JAKARTA, GRESNEWS.COM - Tim ad hoc yang dibentuk Jaksa Agung HM Prasetyo untuk mengklarifikasi dan verifikasi blokir aset terhadap aset-aset milik koruptor dan di luar milik koruptor oleh Pusat Pemulihan Aset (PPA) Kejaksaan Agung hampir sebulan bekerja. Sayangnya belum ada penjelasan soal hasil kerja tim ini.

"Tim verifikasi masih bekerja, belum bisa kami jelaskan tapi yang pasti ini menyangkut aset yang besar," kata Jaksa Agung HM Prasetyo akhir pekan lalu di Kejaksaan Agung.
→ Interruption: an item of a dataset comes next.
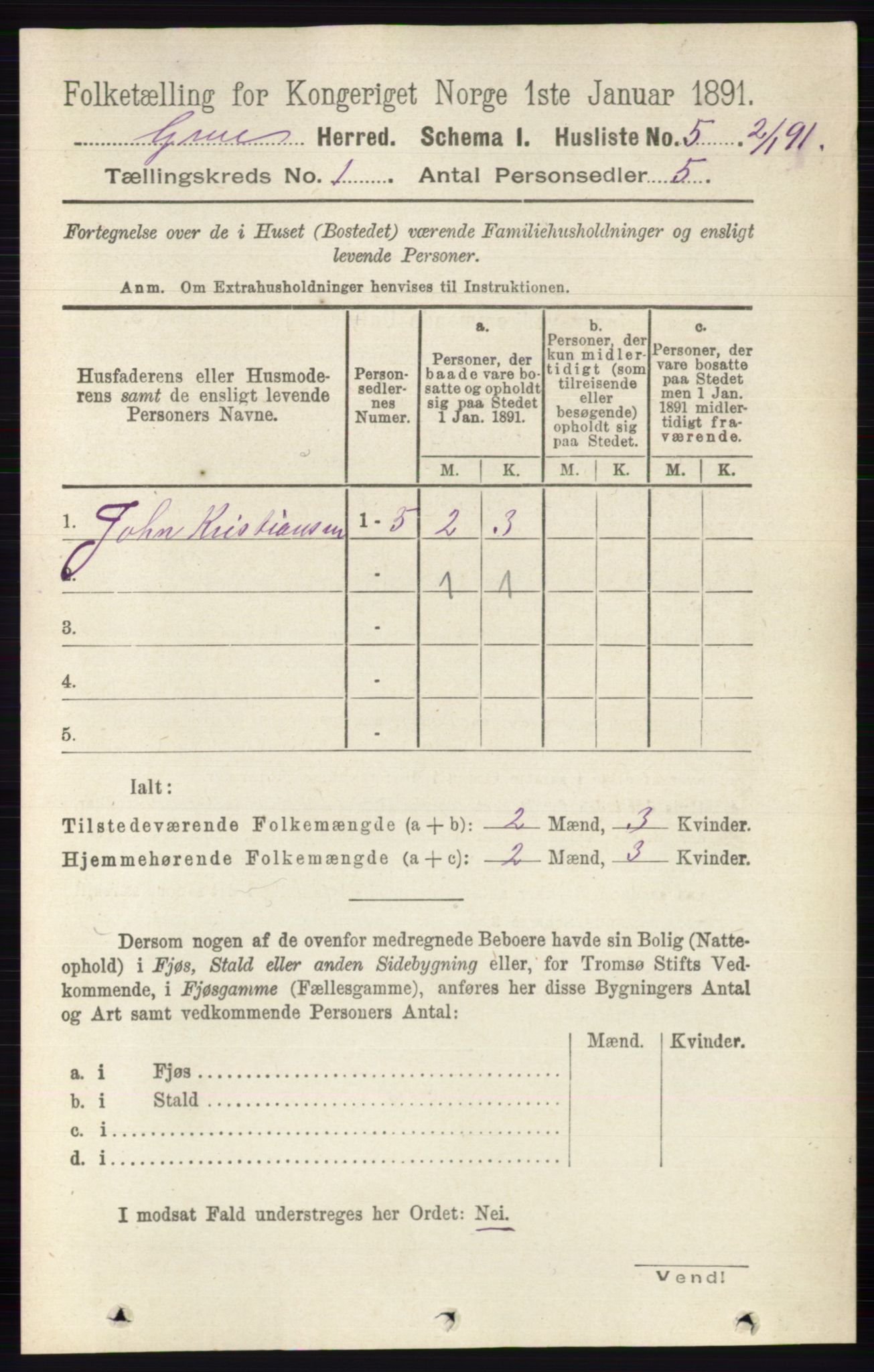 RA, 1891 census for 0423 Grue, 1891, p. 45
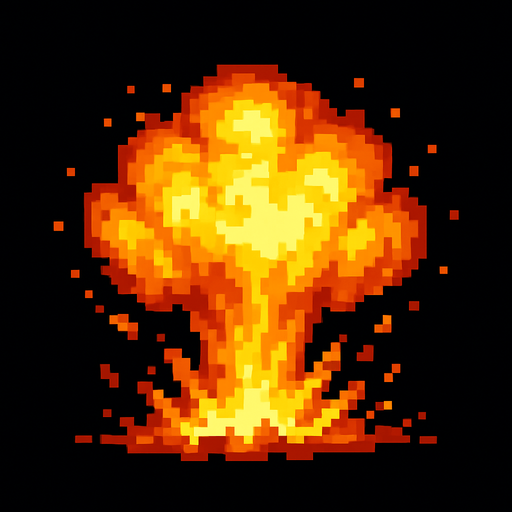 Creame una explosion de fuego pixelar.
In-Game asset.  2d.  High contrast.  No shadows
Prasetyo mengaku belum dapat mengungkapkan apakah ada pelanggaran atau tidak dalam pemblokiran aset terhadap sejumlah aset koruptor, dalam upaya pengembalian kerugian negara dan atau aset-aset di luar milik koruptor. Prasetyo juga telah meminta Kepala PPA Loeke Larasati dan Jaksa Agung Muda Perdata dan Tata Usaha Negara  (Jamdatun) Nurrohkmat untuk menuntaskan persoalan ini. Jangan sampai soal aset membuat retak di internal.
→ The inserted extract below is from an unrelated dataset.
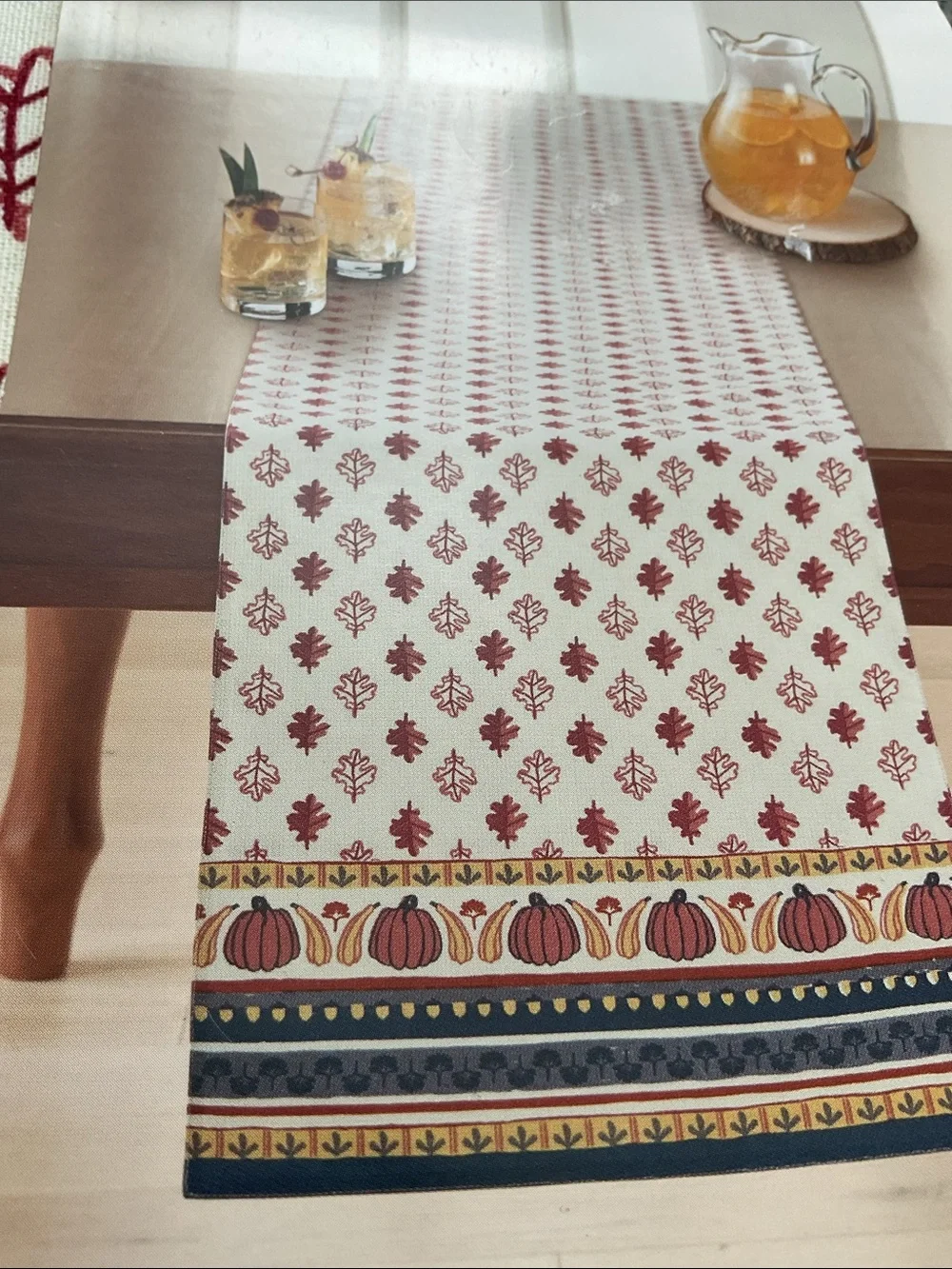 Fall Table Runner. 13 by 72”. New!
Sebelumnya, PPA hanya sebuah satuan tugas biasa, yakni Satgassus Barang Rampasan dan Sita Eksekusi dengan kewenangan terbatas. Namun sejak Juni 2014 PPA terbentuk kembali dengan Chuc Suryasumpeno sebagai Ketuanya.

PPA ini memiliki dwi fungsi yakni sebagai Asset Recovery Office (ARO) dan Asset Management Office(AMO). Fungsi recovery-nya adalah fungsi  pelacakan, pengamanan (administratif dan pro-justisia), perampasan dan repatriasi. Sedangkan fungsi manajemennya adalah pemeliharaan aset.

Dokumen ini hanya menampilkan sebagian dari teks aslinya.